Tomás, raro en él, está sentado en una mesa pegada a la pista. Con mucho que aprender en la milonga, le viene bien. Para confirmar lo que es un arte que sólo ejerce el bailarín consumado: el tiempo y distancia en los desplazamientos con pista llena, medidos con precisión quirúrgica. Al que no baila el tango, este fenómeno le puede pasar desapercibido si no fija la vista para admirarlo.

En otra época, sólo los diplomados en el arte del baile de tango tenían derecho a moverse en las filas externas de la pista. Los troncos, al diome, adentro en la pista: fue ley.  Los “buenos” eran los autorizados a bailar pegados a las mesas: no hay que rozarlas para no voltear la botella de champagne burbujeante, que es como florero en las mesas milongueras.
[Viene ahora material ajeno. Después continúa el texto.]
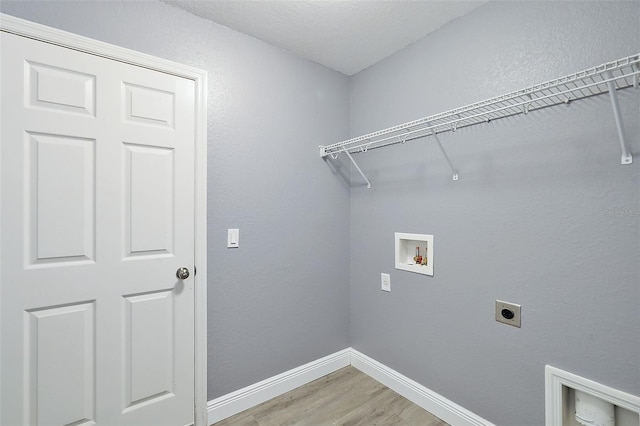 clothes washing area with washer hookup, hookup for an electric dryer, and hardwood / wood-style flooring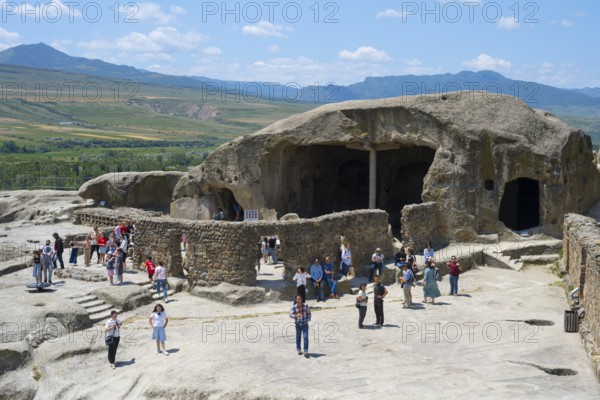 Tourists visit old caves and rock formations on a sunny day, Tamaris Darbasi, Tamara's Hall, Uplistsikhe cave town, Innerkartli region, Shida Kartli, Georgia
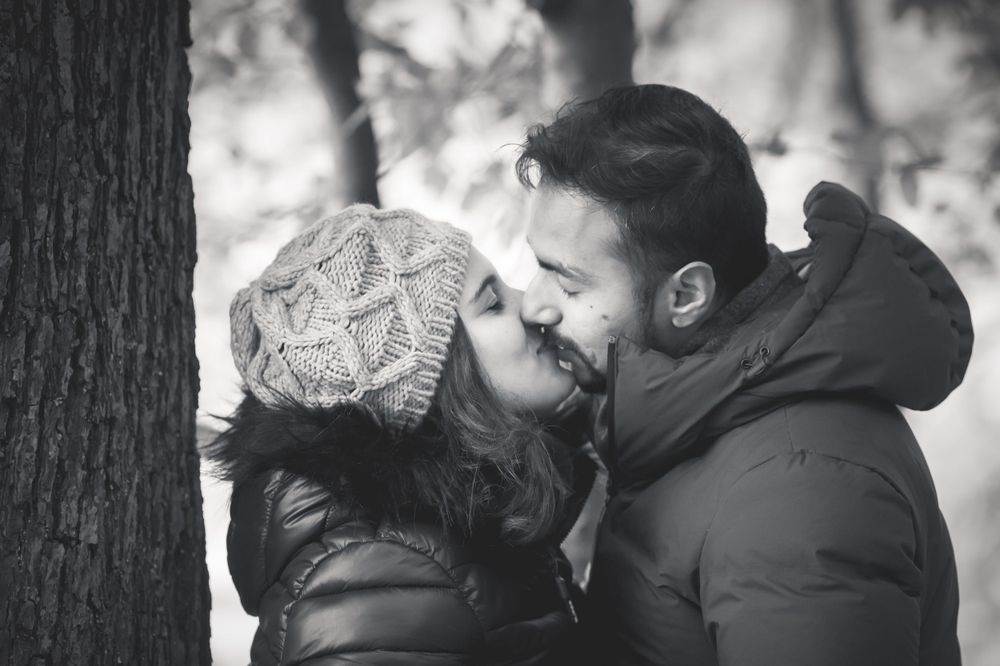 A romantic black and white photo of a couple sharing an intimate moment in winter coats.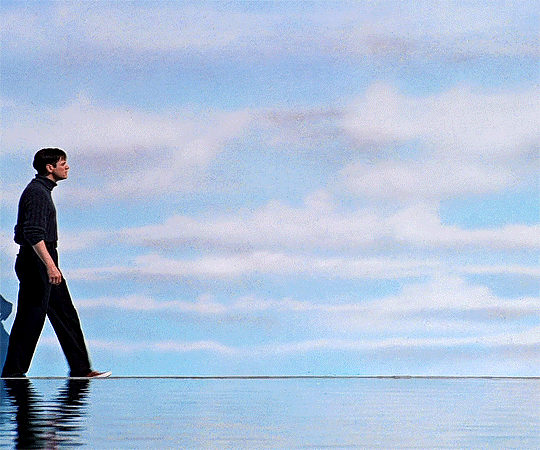 Truman in The Truman Show walks along the edge of the "world," that is the set in which he has been living.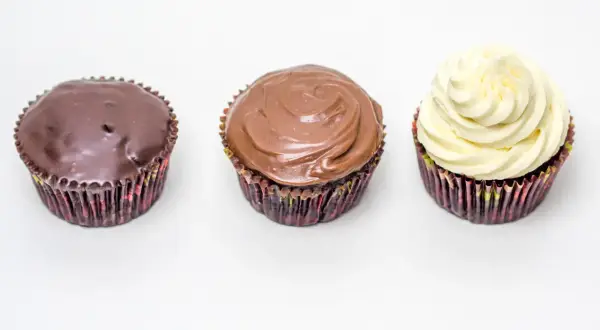 Drei Cupcakes: einer mit dunkler Ganache, einer mit Milchschokoladen-Ganache und einer mit weißer Creme. Perfekt für ein schnelles Ganache Rezept.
Hay que medir los movimientos muy finito para conseguirlo. Aunque las mesas es lo de menos.

Bailar, sin siquiera rozar al de al lado, al de adelante y al de atrás. Al mismo tiempo, el varón, improvisar las figuras de baile y marcar a la mujer lo que busca en la improvisación; también en cada caso olfatear, si se puede decir así, si la compañera de baile necesita más o menos espacio para sus desplazamientos.
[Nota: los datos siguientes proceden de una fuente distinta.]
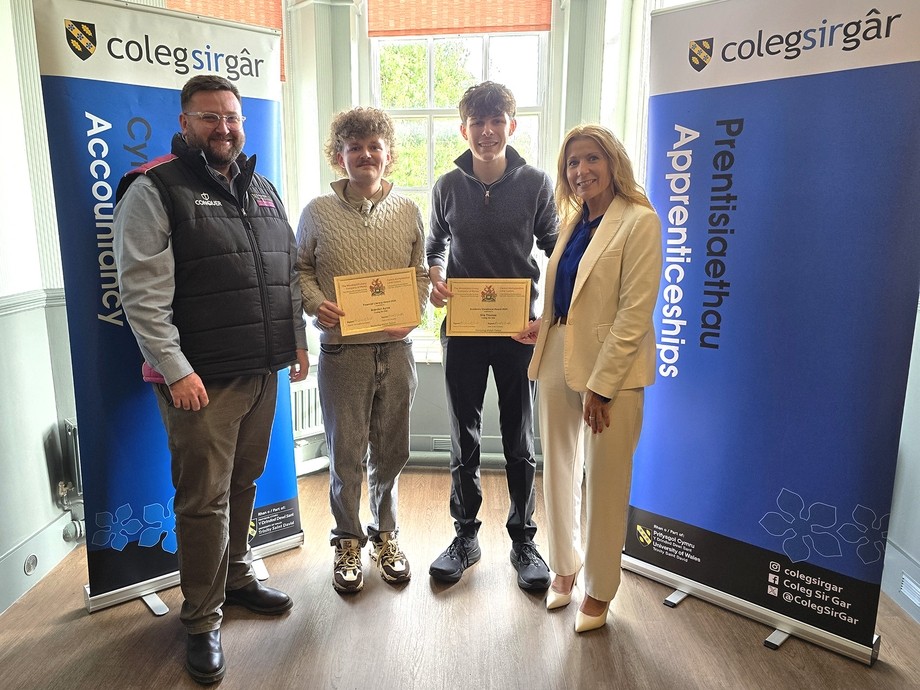 The two apprentices standing with Gareth David and a rep from the Worshipful Livery with two college branded banners on each side (they are holding certificates)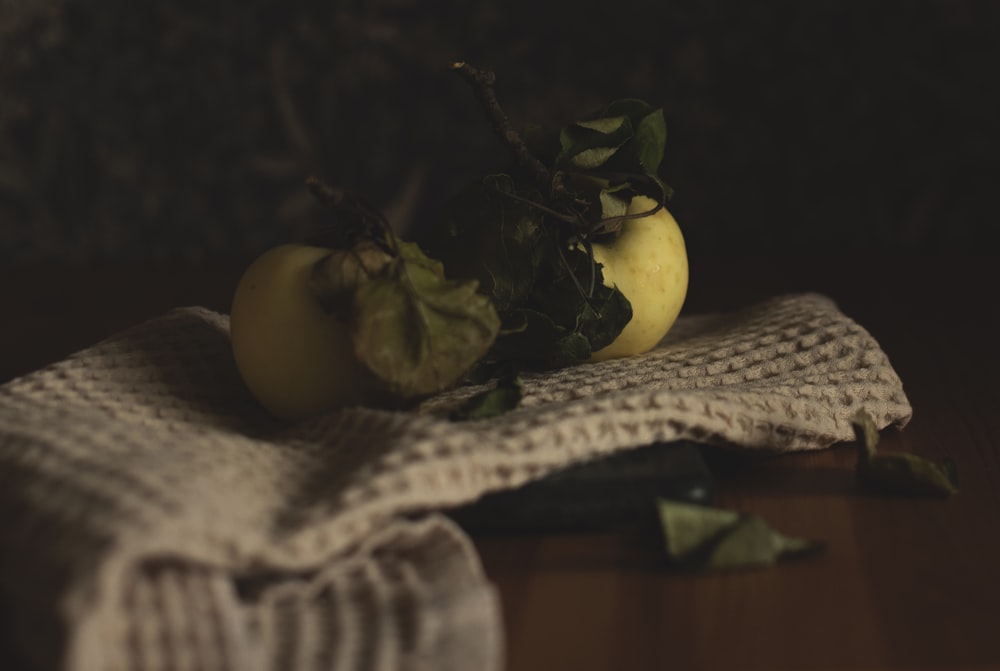 a couple of apples sitting on top of a table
Hacen falta kilómetros de pista recorridos en las milongas para lograr eso: la precisión quirúrgica que demanda el tango bien bailado. El que al hacerlo no encima ni roza a los demás. El que no le rompe el clima a otro, si lo toca o empuja bailando. El que ha bailado tango, sabe lo que “duele” que le rompan el clima en medio de una pieza.

Dicen los veteranos que al milonguero hecho, debe alcanzarle la superficie de cuatro baldosas para bailar si la situación de la pista lo demanda. Aunque a muchos de otro palo parezca exagerado, la sentencia es certera.

Con pista llena, girando las parejas en sentido contrario a las agujas del reloj, él marca el giro presintiendo el movimiento de los que lo rodean: debe calcular si avanzarán o retrocederán o encararán a los costados. Con ese cálculo, él decide y marca el giro y es eje de esa figura; ella gira por el lado de afuera del abrazo y, por cuestión de milímetros, no afeita la tela de la pollera de la que baila al lado. Un fenómeno… de precisión quirúrgica.

A Tomás se le pasaron como cuatro tandas mirando a “los buenos” bailar finito en el tiempo y distancia. Le falta para conseguirlo. Cristina, lo mira desde su mesa como diciendo “en qué órbita estás, vamos a bailar neneeee”. A buscarla va Tomás. Y él todavía no tiene bisturí: por eso de la precisión quirúrgica… ¿no?